- **EXERCISE INSTRUCTIONS**:
Below this line is a set of entries; quote exactly the lines from the line that contains "Highland Suites — photo 23" to the line that contains "Cafe Del Mar Vol.16", both lines included.

= Beginning of Section =

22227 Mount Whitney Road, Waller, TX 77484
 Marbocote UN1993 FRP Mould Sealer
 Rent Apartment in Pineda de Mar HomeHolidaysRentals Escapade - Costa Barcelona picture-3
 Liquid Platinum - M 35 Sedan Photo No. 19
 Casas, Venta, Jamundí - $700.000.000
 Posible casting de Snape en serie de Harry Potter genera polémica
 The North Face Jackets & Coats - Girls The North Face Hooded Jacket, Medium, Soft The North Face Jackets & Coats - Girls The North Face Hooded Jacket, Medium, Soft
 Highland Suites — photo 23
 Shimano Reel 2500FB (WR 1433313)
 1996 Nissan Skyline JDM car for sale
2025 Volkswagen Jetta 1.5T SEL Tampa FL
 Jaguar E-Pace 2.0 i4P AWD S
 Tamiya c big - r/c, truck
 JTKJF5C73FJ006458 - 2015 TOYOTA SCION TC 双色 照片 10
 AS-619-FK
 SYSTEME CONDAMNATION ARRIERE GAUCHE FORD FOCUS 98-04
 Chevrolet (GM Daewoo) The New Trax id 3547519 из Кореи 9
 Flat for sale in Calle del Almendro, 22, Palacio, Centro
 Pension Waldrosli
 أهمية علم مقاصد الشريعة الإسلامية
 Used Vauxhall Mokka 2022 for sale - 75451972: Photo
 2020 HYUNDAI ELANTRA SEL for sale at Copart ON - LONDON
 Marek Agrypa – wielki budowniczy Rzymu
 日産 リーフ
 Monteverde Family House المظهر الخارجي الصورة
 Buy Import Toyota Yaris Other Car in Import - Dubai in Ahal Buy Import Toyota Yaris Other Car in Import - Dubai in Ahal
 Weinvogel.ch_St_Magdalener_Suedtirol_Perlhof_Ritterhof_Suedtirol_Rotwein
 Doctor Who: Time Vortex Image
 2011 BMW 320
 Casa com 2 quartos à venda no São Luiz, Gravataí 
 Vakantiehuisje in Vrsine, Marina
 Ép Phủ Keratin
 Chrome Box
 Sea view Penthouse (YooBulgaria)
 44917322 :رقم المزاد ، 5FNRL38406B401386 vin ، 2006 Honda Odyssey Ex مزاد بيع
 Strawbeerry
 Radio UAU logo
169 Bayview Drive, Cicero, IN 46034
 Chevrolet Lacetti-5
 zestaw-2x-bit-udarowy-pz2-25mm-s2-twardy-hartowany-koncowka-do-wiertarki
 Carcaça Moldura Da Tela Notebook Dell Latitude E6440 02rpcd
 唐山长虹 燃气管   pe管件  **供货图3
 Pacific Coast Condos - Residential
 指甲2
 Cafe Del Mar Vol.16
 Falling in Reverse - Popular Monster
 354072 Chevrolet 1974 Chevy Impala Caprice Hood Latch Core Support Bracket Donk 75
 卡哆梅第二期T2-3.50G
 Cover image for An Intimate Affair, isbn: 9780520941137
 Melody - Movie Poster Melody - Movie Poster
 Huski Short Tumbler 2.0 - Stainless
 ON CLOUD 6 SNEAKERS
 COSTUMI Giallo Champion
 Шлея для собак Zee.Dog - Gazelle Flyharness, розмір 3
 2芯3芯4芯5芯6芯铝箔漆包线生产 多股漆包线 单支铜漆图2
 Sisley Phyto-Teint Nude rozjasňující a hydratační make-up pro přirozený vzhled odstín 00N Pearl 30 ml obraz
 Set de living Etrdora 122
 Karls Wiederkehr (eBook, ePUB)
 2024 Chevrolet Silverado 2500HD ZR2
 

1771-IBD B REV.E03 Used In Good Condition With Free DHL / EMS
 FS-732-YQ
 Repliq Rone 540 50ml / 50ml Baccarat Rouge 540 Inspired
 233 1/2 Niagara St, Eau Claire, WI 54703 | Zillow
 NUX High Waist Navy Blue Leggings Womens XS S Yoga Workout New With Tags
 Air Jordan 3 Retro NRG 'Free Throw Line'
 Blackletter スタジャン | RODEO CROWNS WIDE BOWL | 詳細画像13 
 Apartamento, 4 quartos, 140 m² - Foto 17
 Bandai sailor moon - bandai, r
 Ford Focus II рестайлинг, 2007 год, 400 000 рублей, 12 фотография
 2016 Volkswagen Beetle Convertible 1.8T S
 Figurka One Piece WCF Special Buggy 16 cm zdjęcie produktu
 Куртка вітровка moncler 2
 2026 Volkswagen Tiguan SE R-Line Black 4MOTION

= End of Section =

- **OUTPUT**:
 Highland Suites — photo 23
 Shimano Reel 2500FB (WR 1433313)
 1996 Nissan Skyline JDM car for sale
2025 Volkswagen Jetta 1.5T SEL Tampa FL
 Jaguar E-Pace 2.0 i4P AWD S
 Tamiya c big - r/c, truck
 JTKJF5C73FJ006458 - 2015 TOYOTA SCION TC 双色 照片 10
 AS-619-FK
 SYSTEME CONDAMNATION ARRIERE GAUCHE FORD FOCUS 98-04
 Chevrolet (GM Daewoo) The New Trax id 3547519 из Кореи 9
 Flat for sale in Calle del Almendro, 22, Palacio, Centro
 Pension Waldrosli
 أهمية علم مقاصد الشريعة الإسلامية
 Used Vauxhall Mokka 2022 for sale - 75451972: Photo
 2020 HYUNDAI ELANTRA SEL for sale at Copart ON - LONDON
 Marek Agrypa – wielki budowniczy Rzymu
 日産 リーフ
 Monteverde Family House المظهر الخارجي الصورة
 Buy Import Toyota Yaris Other Car in Import - Dubai in Ahal Buy Import Toyota Yaris Other Car in Import - Dubai in Ahal
 Weinvogel.ch_St_Magdalener_Suedtirol_Perlhof_Ritterhof_Suedtirol_Rotwein
 Doctor Who: Time Vortex Image
 2011 BMW 320
 Casa com 2 quartos à venda no São Luiz, Gravataí 
 Vakantiehuisje in Vrsine, Marina
 Ép Phủ Keratin
 Chrome Box
 Sea view Penthouse (YooBulgaria)
 44917322 :رقم المزاد ، 5FNRL38406B401386 vin ، 2006 Honda Odyssey Ex مزاد بيع
 Strawbeerry
 Radio UAU logo
169 Bayview Drive, Cicero, IN 46034
 Chevrolet Lacetti-5
 zestaw-2x-bit-udarowy-pz2-25mm-s2-twardy-hartowany-koncowka-do-wiertarki
 Carcaça Moldura Da Tela Notebook Dell Latitude E6440 02rpcd
 唐山长虹 燃气管   pe管件  **供货图3
 Pacific Coast Condos - Residential
 指甲2
 Cafe Del Mar Vol.16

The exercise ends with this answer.